* **What this task involves**
Repeat the listing below exactly. Pictures do not belong in the copy.

Information supplied Start Marker

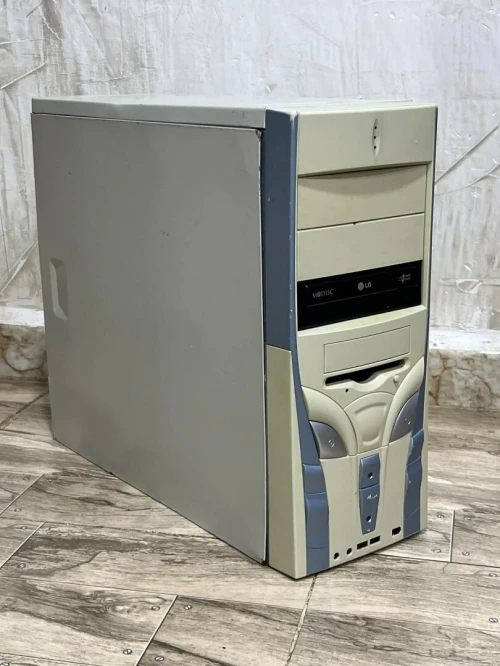 Bonne Affaire PC Complet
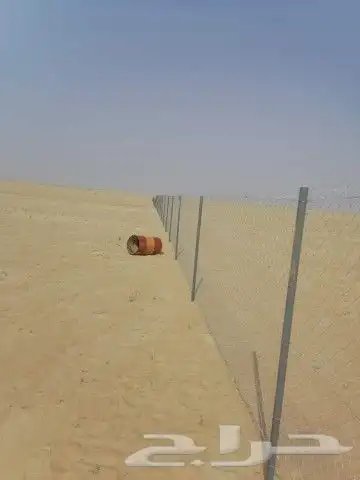 مقاول شبوك ونخيل 3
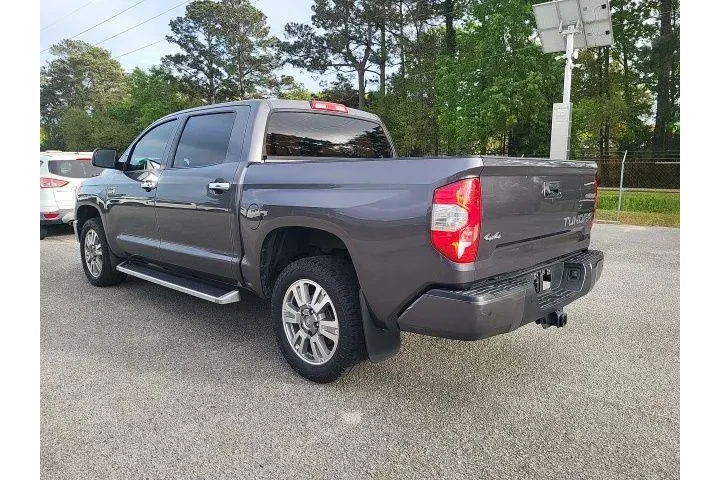 $34989 : Toyota Tundra 2017 4x4 Plati image 3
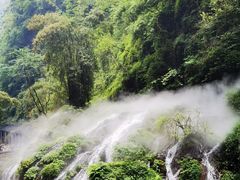 -三峡人家风景区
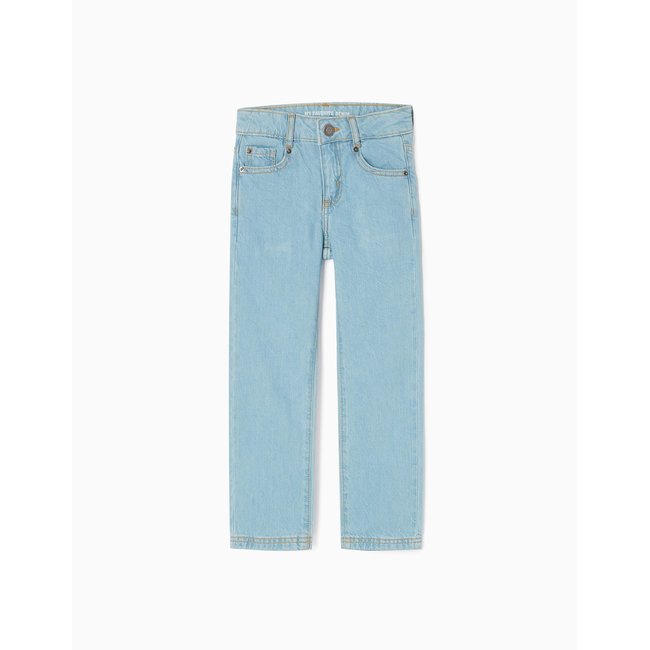 Jean en Coton Straight Fit - ZIPPY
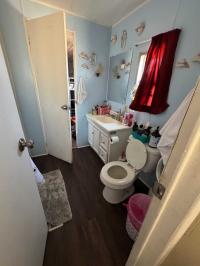 1978 Mark Mobile Home
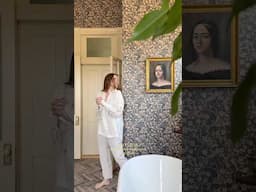 this one thing TOTALLY changed to look and feel of our bathroom!!! ✨🛁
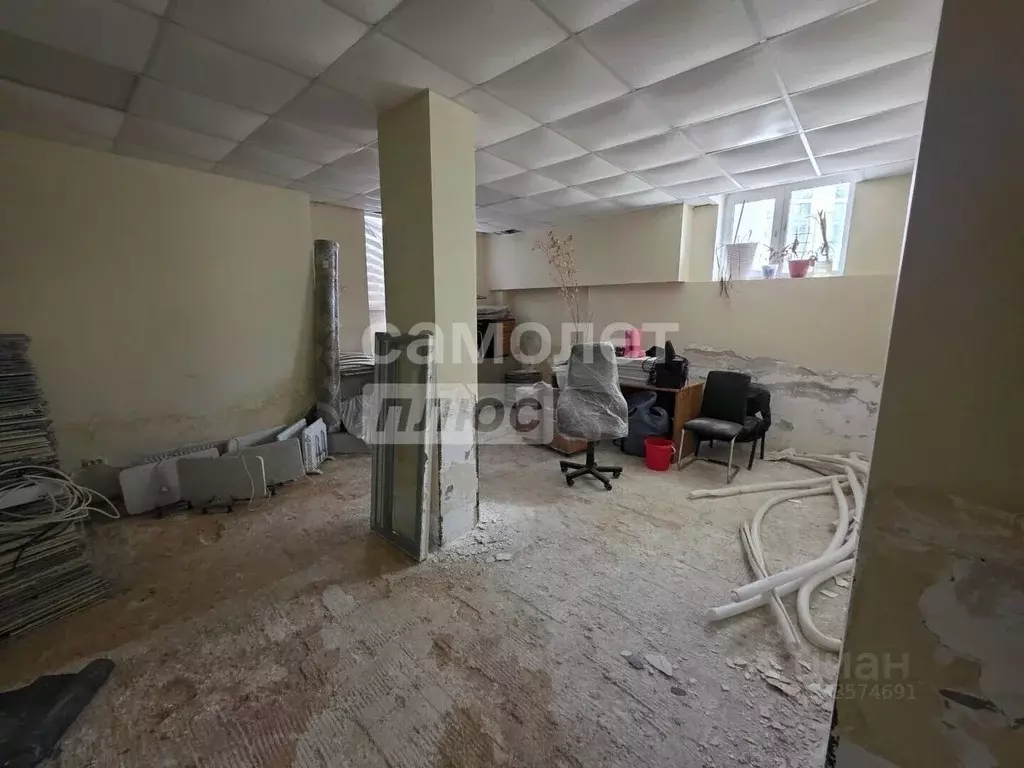 Офис в Курская область, Курск ул. Кати Зеленко, 26 (171 м) - Фото 2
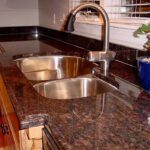 Tan Brown Granite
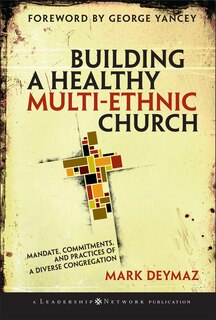 Front cover_Building a Healthy Multi-ethnic Church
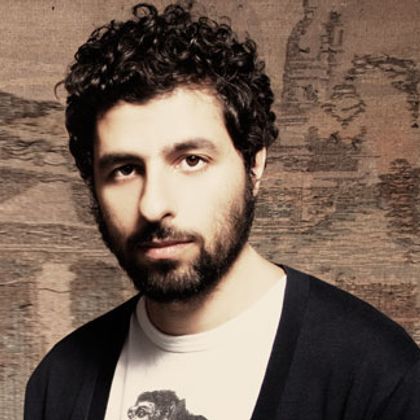 Domino 2011: José Gonzalez & The Göteborg String Theory, Little Scream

Information supplied End Marker

* **Task result**
 Bonne Affaire PC Complet
 مقاول شبوك ونخيل 3
 $34989 : Toyota Tundra 2017 4x4 Plati image 3
 -三峡人家风景区
 Jean en Coton Straight Fit - ZIPPY
 1978 Mark Mobile Home
 this one thing TOTALLY changed to look and feel of our bathroom!!! ✨🛁
 Офис в Курская область, Курск ул. Кати Зеленко, 26 (171 м) - Фото 2
 Tan Brown Granite
 Front cover_Building a Healthy Multi-ethnic Church
 Domino 2011: José Gonzalez & The Göteborg String Theory, Little Scream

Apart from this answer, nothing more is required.